▶ ABOUT THIS EXERCISE: The answer must be every line from the listing that holds the string "pool".

▶ MATERIAL FOR THIS TASK:
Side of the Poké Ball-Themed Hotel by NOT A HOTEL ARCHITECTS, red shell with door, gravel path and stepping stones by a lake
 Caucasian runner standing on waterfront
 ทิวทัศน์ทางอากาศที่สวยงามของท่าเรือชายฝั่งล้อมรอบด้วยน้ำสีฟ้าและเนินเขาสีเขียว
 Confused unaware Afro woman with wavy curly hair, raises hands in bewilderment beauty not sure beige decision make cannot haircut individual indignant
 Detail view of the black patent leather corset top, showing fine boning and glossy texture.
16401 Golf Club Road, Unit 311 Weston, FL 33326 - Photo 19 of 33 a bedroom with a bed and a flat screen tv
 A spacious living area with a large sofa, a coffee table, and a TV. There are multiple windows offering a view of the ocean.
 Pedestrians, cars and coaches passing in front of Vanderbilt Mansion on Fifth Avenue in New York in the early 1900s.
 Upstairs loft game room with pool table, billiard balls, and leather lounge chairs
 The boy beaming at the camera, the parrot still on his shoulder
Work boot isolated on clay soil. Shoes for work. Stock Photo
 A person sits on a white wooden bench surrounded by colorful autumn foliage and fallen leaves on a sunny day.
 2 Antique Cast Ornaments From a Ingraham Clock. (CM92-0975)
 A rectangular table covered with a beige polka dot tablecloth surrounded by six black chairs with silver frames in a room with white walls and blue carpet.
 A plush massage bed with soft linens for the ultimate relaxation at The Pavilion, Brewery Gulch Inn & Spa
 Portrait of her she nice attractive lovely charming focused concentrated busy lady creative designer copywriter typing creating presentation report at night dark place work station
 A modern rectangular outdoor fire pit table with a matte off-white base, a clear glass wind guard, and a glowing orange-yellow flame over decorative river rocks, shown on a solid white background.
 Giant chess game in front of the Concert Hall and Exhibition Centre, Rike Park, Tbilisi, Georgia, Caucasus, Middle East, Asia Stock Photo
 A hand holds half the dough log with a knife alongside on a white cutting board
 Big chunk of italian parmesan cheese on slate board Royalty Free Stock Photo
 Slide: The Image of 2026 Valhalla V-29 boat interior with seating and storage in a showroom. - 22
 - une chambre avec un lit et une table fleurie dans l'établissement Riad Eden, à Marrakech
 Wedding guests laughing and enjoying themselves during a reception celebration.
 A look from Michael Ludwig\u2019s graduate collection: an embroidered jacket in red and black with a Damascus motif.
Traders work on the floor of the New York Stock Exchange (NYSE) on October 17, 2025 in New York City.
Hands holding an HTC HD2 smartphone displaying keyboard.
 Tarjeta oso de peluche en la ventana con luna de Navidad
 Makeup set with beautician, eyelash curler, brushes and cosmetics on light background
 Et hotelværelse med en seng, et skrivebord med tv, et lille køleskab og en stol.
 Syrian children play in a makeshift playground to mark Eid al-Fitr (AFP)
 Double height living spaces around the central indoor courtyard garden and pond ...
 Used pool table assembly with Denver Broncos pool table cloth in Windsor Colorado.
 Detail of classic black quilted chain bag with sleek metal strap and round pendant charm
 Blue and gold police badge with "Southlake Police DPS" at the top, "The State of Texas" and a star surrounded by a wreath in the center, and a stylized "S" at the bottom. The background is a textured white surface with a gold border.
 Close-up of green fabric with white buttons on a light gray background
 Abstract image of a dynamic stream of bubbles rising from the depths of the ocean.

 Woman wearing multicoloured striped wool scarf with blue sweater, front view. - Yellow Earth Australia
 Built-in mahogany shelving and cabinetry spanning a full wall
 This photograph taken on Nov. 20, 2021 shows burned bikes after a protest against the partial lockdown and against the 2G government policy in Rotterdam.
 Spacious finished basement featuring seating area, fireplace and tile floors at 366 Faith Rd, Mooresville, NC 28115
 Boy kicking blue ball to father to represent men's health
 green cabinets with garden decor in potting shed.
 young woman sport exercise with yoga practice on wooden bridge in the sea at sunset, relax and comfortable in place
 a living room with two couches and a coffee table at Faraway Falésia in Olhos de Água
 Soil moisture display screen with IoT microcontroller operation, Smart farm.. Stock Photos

▶ WRITTEN SOLUTION:
 Upstairs loft game room with pool table, billiard balls, and leather lounge chairs
 Used pool table assembly with Denver Broncos pool table cloth in Windsor Colorado.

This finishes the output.